Aim of the task - When you reach the line containing "this 386×243 image." in the records below, set it down exactly, together with every later line through the end, but not the pictures.

Data extract -
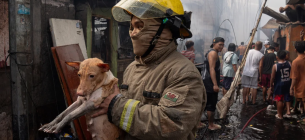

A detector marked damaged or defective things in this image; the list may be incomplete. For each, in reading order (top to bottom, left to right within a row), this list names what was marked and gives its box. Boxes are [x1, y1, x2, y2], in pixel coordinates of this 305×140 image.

rusty metal sheet [51, 44, 91, 140]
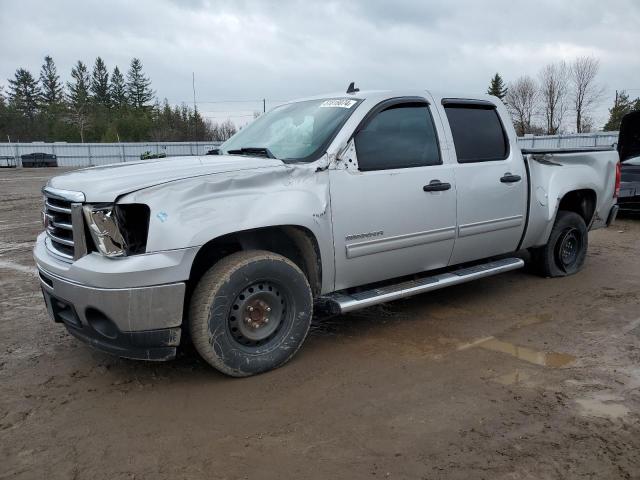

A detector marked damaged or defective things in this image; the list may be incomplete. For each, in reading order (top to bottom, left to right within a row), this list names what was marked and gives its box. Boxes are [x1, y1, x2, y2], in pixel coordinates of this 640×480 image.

cracked headlight [82, 203, 150, 256]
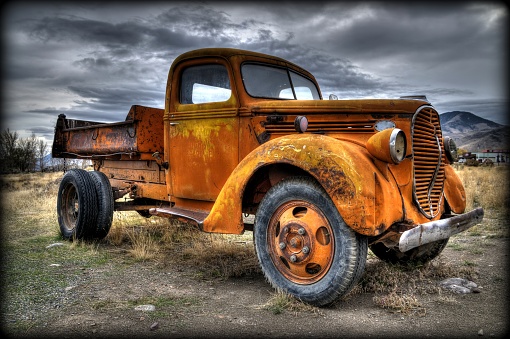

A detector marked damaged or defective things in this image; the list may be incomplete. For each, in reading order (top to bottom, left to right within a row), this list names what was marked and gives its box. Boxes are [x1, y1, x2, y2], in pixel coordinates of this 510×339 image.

rusted truck [53, 48, 484, 308]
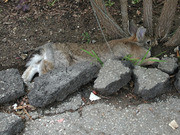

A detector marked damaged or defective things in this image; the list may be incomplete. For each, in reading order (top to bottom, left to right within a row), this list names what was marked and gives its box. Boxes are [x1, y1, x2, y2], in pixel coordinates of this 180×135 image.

broken concrete [0, 68, 24, 104]
broken concrete [27, 62, 100, 107]
broken concrete [94, 59, 131, 95]
broken concrete [133, 66, 171, 99]
broken concrete [0, 112, 24, 135]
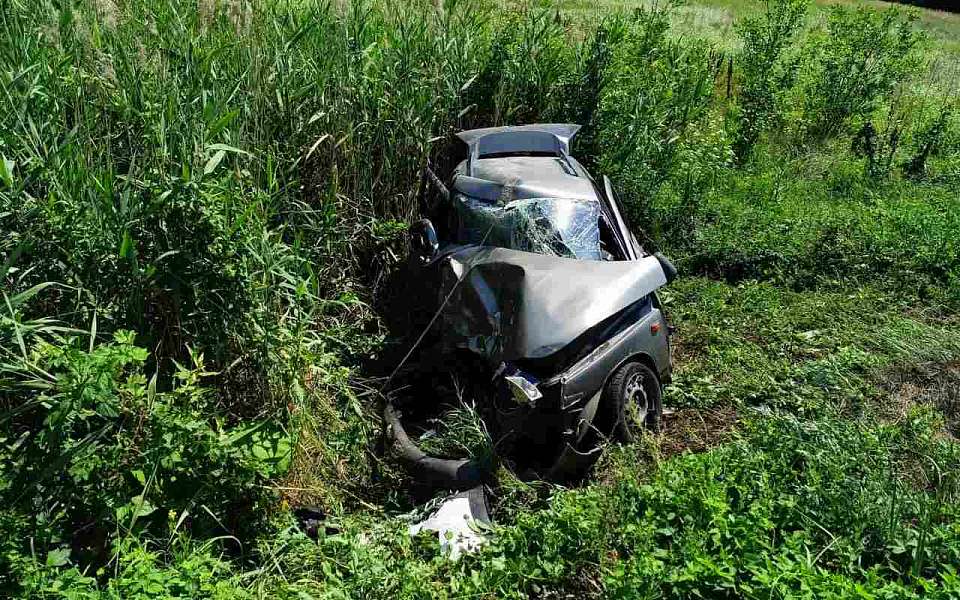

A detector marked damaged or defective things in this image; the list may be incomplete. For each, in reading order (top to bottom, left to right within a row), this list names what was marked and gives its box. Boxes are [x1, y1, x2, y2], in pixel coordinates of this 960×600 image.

shattered windshield [452, 195, 600, 258]
wrecked car [390, 124, 676, 480]
crushed car hood [436, 246, 668, 364]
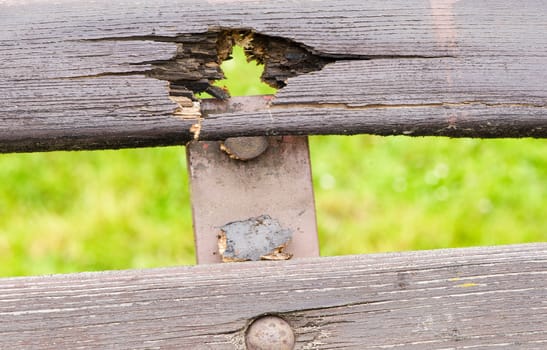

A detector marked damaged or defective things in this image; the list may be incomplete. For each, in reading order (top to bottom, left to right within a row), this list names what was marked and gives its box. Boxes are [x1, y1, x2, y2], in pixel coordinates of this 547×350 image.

corroded bolt [219, 136, 268, 161]
rusty metal bracket [186, 133, 318, 264]
corroded bolt [246, 316, 296, 348]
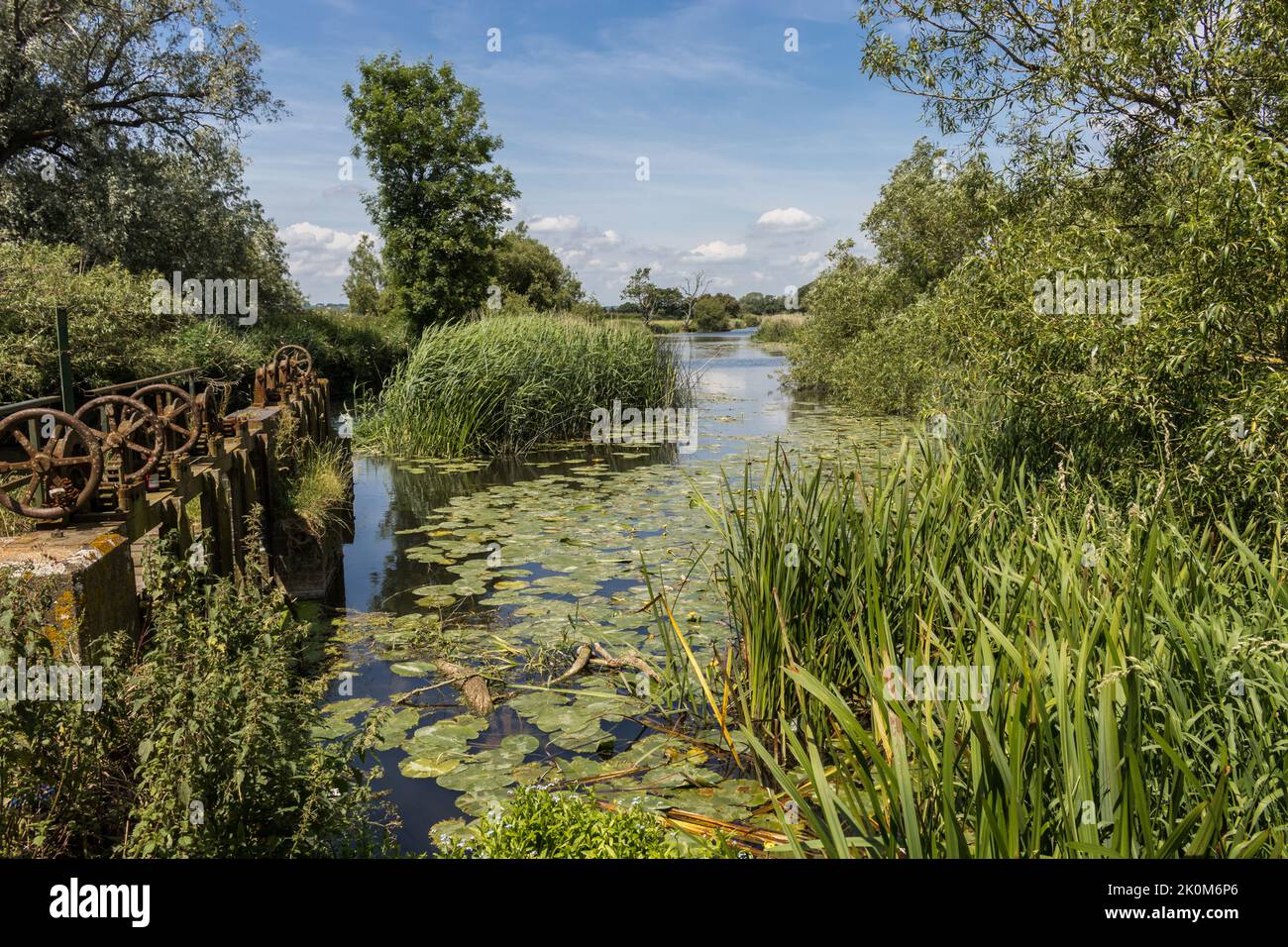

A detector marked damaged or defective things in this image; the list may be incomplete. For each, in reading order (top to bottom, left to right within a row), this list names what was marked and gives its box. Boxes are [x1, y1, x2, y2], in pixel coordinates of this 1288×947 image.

rusty sluice gate [0, 349, 341, 658]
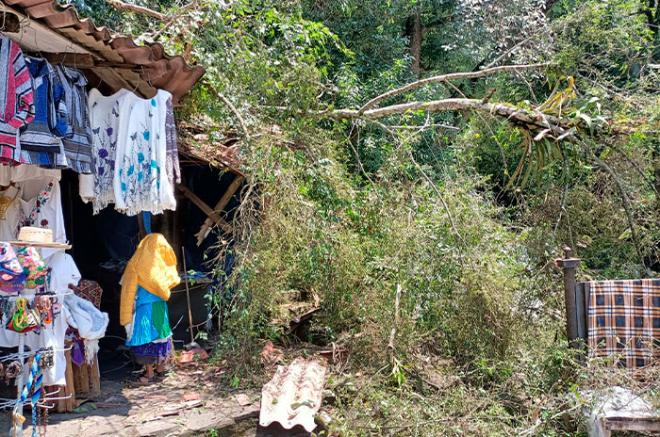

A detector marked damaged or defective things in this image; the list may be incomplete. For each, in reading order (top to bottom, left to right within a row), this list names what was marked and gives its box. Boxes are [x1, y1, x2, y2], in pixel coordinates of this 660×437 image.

damaged roof [0, 0, 204, 103]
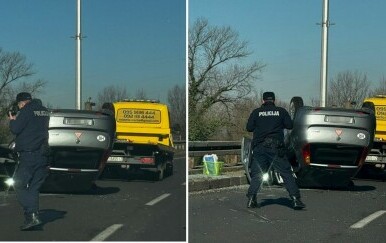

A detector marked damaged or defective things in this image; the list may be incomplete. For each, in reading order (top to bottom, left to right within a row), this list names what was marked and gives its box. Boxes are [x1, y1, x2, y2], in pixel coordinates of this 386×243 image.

overturned silver car [243, 97, 376, 188]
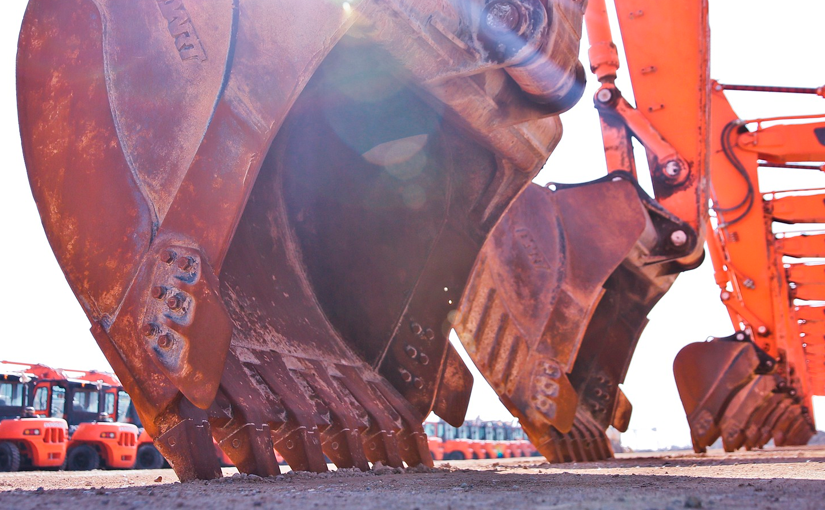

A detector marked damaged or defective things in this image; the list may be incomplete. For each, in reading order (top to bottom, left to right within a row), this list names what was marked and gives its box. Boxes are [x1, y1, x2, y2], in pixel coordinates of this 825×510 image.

rusted steel surface [16, 0, 588, 478]
rusty excavator bucket [16, 0, 600, 478]
rusted steel surface [454, 174, 684, 462]
rusty excavator bucket [454, 174, 692, 462]
rusty excavator bucket [672, 334, 816, 454]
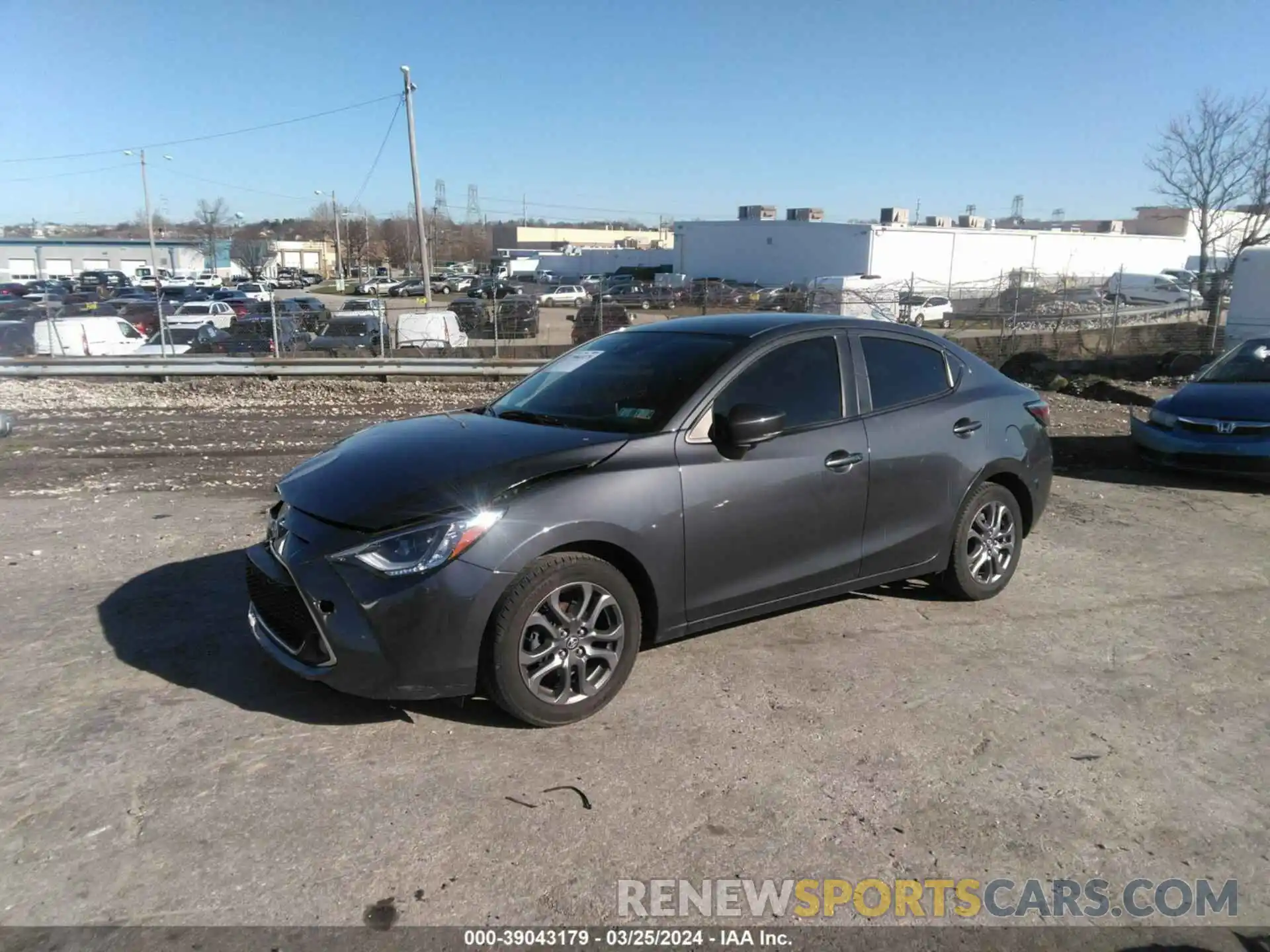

Exercise response -
A detector marked damaged or defective things in this image; the list may be incomplete. For each, in reading order (top to bottom, left to right within a row), this list names what was marked and gives its box. Boxes are [x1, y1, x2, y2], in pixel coordinates of this 386×243 image.

overturned silver car [243, 97, 376, 188]

A detector marked damaged or defective things in this image; the list may be incomplete. For each, in reading order (top to bottom, left to right within a row), this list names what was marked and gives its box. Boxes are [x1, y1, x2, y2], in pixel coordinates of this 825×510 image.

rusted steel surface [16, 0, 588, 478]
rusty excavator bucket [16, 0, 600, 478]
rusted steel surface [454, 174, 684, 462]
rusty excavator bucket [454, 174, 692, 462]
rusty excavator bucket [672, 334, 816, 454]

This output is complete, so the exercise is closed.